# INSTRUCTIONS FOR THE TASK:
Within these records, how many lines hold "Perfect"? Give the number alone.

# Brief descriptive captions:
>>>>>

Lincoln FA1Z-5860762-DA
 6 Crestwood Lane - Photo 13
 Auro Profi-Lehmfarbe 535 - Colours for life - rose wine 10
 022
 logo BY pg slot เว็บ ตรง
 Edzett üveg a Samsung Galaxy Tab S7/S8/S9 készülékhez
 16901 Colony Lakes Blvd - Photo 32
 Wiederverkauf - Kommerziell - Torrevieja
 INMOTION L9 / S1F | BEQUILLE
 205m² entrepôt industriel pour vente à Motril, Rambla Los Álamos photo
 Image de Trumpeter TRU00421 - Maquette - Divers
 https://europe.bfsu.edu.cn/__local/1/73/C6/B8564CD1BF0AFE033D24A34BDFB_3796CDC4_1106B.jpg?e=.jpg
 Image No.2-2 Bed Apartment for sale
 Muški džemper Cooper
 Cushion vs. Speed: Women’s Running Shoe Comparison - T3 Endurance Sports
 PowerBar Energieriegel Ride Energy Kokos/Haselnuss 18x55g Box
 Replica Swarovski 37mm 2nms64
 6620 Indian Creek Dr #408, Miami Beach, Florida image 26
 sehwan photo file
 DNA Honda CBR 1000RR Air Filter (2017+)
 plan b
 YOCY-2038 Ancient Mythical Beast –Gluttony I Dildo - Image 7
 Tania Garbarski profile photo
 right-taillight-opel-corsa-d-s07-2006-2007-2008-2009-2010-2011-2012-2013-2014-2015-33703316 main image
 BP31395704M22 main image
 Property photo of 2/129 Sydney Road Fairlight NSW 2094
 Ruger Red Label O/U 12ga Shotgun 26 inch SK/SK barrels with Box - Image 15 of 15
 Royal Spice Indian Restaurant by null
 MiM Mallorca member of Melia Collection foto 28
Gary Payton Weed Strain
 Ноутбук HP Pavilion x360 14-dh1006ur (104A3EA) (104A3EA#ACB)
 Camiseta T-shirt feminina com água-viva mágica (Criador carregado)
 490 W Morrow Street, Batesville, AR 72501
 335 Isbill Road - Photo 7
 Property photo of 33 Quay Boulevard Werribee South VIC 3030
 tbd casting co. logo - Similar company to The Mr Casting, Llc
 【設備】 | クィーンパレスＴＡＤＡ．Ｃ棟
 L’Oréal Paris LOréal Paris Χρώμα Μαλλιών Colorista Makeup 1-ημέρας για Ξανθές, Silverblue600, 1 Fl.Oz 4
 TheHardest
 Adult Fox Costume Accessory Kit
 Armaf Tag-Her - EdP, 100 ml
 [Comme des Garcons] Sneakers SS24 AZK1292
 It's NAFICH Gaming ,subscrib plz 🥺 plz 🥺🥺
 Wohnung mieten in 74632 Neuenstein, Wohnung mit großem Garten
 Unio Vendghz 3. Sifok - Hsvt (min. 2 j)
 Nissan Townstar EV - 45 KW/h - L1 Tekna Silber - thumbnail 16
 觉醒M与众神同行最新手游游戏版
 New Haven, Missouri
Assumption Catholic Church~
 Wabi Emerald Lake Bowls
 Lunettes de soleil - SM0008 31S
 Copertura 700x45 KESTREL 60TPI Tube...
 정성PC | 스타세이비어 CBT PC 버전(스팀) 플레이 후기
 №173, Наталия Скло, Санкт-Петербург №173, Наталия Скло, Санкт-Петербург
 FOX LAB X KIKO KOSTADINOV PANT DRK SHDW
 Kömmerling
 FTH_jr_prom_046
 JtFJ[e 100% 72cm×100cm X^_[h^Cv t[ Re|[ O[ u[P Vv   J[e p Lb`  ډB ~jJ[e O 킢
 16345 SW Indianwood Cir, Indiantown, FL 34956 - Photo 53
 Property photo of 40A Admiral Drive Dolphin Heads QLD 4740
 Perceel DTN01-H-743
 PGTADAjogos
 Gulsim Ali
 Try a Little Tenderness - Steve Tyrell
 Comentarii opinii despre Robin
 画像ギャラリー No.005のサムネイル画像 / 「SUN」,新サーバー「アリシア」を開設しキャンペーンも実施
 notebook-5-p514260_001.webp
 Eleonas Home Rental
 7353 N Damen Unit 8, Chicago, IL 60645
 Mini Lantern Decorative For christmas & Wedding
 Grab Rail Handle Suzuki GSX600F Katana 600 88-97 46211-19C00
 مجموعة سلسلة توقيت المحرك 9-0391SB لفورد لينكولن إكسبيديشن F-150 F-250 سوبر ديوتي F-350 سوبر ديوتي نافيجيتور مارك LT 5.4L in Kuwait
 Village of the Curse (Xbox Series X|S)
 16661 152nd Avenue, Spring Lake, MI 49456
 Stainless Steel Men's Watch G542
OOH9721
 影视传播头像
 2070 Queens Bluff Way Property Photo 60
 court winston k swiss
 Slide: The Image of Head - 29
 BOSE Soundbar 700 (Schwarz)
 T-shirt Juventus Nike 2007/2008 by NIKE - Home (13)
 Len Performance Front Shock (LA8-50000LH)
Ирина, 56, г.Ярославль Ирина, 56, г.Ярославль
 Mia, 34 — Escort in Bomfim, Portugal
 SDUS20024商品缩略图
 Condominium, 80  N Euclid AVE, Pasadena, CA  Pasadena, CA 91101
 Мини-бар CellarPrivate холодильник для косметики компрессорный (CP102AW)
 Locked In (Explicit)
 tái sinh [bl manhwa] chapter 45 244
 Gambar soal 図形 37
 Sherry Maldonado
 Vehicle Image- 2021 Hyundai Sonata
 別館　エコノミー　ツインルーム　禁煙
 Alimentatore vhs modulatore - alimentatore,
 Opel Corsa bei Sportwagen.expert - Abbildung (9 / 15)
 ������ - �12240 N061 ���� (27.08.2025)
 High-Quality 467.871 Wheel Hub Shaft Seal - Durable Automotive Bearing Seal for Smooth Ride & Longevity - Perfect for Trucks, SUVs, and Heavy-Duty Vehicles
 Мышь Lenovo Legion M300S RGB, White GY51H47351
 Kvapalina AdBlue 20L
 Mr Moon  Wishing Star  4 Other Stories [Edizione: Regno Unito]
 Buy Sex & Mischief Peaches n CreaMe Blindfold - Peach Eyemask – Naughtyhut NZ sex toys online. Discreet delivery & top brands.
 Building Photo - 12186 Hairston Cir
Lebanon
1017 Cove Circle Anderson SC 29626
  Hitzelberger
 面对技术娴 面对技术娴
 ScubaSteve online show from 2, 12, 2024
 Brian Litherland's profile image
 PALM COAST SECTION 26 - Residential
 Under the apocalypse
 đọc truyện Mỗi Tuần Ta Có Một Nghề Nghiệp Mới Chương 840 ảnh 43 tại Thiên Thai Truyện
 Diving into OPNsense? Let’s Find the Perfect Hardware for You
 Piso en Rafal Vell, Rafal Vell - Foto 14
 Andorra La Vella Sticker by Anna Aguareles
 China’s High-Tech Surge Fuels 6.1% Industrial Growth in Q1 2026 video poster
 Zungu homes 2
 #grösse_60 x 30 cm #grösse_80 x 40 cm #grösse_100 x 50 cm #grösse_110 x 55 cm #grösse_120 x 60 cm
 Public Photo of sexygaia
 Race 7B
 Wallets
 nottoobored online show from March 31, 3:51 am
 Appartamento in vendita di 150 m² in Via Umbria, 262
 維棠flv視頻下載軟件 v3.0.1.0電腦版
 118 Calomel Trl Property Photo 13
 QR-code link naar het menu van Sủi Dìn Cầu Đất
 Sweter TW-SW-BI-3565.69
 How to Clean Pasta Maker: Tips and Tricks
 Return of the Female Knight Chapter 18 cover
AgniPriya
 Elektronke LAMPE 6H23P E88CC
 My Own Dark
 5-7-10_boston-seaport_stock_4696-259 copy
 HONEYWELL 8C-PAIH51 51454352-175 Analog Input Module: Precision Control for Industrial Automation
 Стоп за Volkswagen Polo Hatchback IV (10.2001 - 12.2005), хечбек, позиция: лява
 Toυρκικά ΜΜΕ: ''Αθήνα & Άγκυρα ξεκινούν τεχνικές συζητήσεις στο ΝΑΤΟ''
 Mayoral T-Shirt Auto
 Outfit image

<<<<<

# RESULT:
2